# Yew vase



## dalboy (Jun 12, 2012)

Not wishing to hi-jack Bob's (bwilling) thread I will post this one here.

This is one of those where I turned the outside and used tape around the neck for that extra support to prevent any accidents, I did turn this quite fast for the inside after starting slow and standing to one side until I was happy with the set up.


----------



## Cherryville Chuck (Sep 28, 2010)

Nice work. I would be afraid of hooking the open lip and having all hell break loose as the saying goes.


----------



## Stick486 (Jan 4, 2013)

dude you are way above my pay grade...


----------



## LazurusLong (Jan 20, 2015)

Wow! That is very cool!


----------



## Shop guy (Nov 22, 2012)

Cool yes but looks dangerous to me.


----------



## bwilling (Jul 14, 2015)

dalboy said:


> Not wishing to hi-jack Bob's (bwilling) thread I will post this one here.
> 
> This is one of those where I turned the outside and used tape around the neck for that extra support to prevent any accidents, I did turn this quite fast for the inside after starting slow and standing to one side until I was happy with the set up.

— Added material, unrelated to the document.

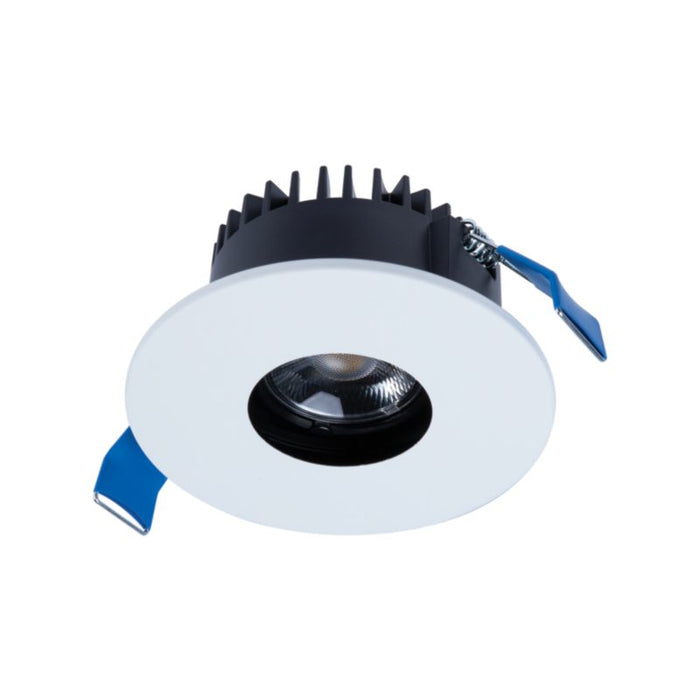 Halo TL41R 2" Round Pinhole Trim, Matte White Flange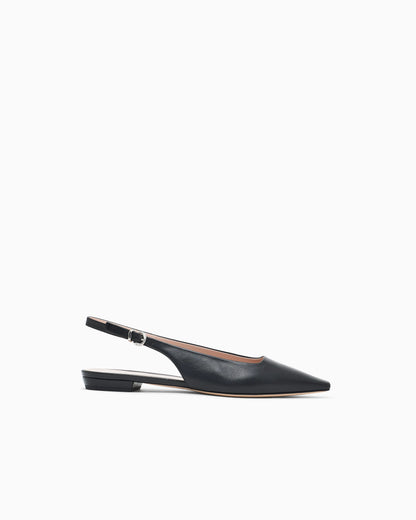 Ballet flat in nappa leather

Fantastic vase, :smile: stunning. Fast is the way to go after you get rid of the wood that makes it out of balance.


----------



## JFPNCM (Dec 13, 2009)

Magnificent does not even cover it.


----------



## RainMan 2.0 (May 6, 2014)

Omg that is so cool !


----------



## bwilling (Jul 14, 2015)

Derek have you noticed the opening in your vase closing. I just noticed mine is closing.


----------



## BernieW (Sep 12, 2006)

Very well done. The key is speed and a light touch I have found on doing one with big inclusions. Beautiful piece.


----------



## dalboy (Jun 12, 2012)

Thank you all.



bwilling said:


> Derek have you noticed the opening in your vase closing. I just noticed mine is closing.


No the wood was is dry so no movement. I did make a hollow form from a Burr that was still wet and now has taken on a lumpy feel to it but it added character.


----------